Wie wird ein Mensch zum Monster? Christian Baron versucht dies in „Ein Mann seiner Klasse“ zu erklären. Das Buch handelt von seinem prügelnden Vater.

Hat den Klassenstolz verinnerlicht: Christian Baron Foto: Foto: Hans Scherhaufer

Zwei kleine Jungs von acht und neun Jahren liegen verängstigt im Etagenbett ihres Kinderzimmers und hören ein dumpfes Geräusch aus dem Schlafzimmer der Eltern.
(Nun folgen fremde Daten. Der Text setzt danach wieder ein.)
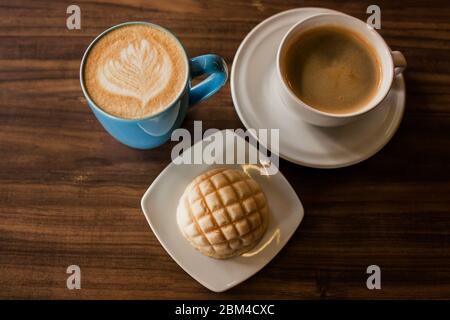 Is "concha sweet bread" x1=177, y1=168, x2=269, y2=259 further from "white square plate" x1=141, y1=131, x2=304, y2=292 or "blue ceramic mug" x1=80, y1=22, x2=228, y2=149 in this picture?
"blue ceramic mug" x1=80, y1=22, x2=228, y2=149

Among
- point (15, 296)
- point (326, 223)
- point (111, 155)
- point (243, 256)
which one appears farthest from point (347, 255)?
point (15, 296)

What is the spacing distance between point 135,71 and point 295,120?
342 mm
Es ist der Kopf der Mutter, den der Vater an die Wand donnert. Sie fürchten sich vor dem Geräusch, weil sie es kennen und weil sie wissen, was es ankündigt: als nächstes sind sie selbst dran.

Ist der Vater – ein tätowierter, rassistischer Möbelpacker, der seine Schwägerin „Bumsklumpen“ nennt – besoffen, dann verprügelt er, was sich in seiner Wohnung gerade anbietet. So viel ist sicher. Alles andere im Leben dieser Jungs nicht.

Einer der beiden ist der Journalist Christian Baron. In seinem Schulzeugnis aus der 1. Klasse steht: „Mit viel Fleiß und Ausdauer hat er den Anschluss an die Klasse erreicht.“ Ein Zeugnis, das man dem 1985 in Kaiserslautern geborenen Baron auch 28 Jahre später im gleichen Wortlaut ausstellen könnte. Er gehört einer in Deutschland äußerst seltenen Spezies des „Bildungsaufsteigers“ an.

Keiner aus Barons Familie hat je ein Gymnasium besucht, geschweige denn Abitur gemacht. Aus Christian wurde der erste Baron mit Universitätsabschluss. Und das trotz seiner wirklich heftigen Geschichte, deren tragischen Höhepunkt er bereits mit zehn Jahren durchleben muss: Seine Mutter, eine Hausfrau, die heimlich Gedichte schreibt und die der Sohn sehr liebt, stirbt 1995 im Alter von 32 Jahren an Krebs.

Das Buch

Christian Baron: „Ein Mann seiner Klasse“. Claassen Verlag, Berlin 2020, 288 S., 20 Euro

Der Vater lebt zu diesem Zeitpunkt schon nicht mehr bei der Familie. Eine Tante wird Christian und seine drei Geschwister bei sich aufnehmen. Der Vater stirbt acht Jahre später. Christian wird ihn bis dahin nur noch zweimal sehen: einmal vor Gericht und einmal, als er seine Kinder besoffen besucht und seine kleine Tochter „Lena“ nennt, obwohl sie Laura heißt.

Er hungerte zwei Wochen

Die Nachbarn, die Lehrer, der Beamte im Jugendamt, der eigene Vater – alle, von denen Baron erzählt, hätten wohl nicht im Traum daran gedacht, dass der Junge aus der Pfalz einmal Redakteur einer überregionalen Wochenzeitung (des Freitag) wird. Und keiner hätte es für möglich gehalten, dass dieser Junge, der angeblich mal Schimmel von der Tapete abgekratzt und gegessen hat, weil er schon seit zwei Wochen hungerte, ein Buch über seinen Vater schreiben würde: „Ein Mann seiner Klasse“.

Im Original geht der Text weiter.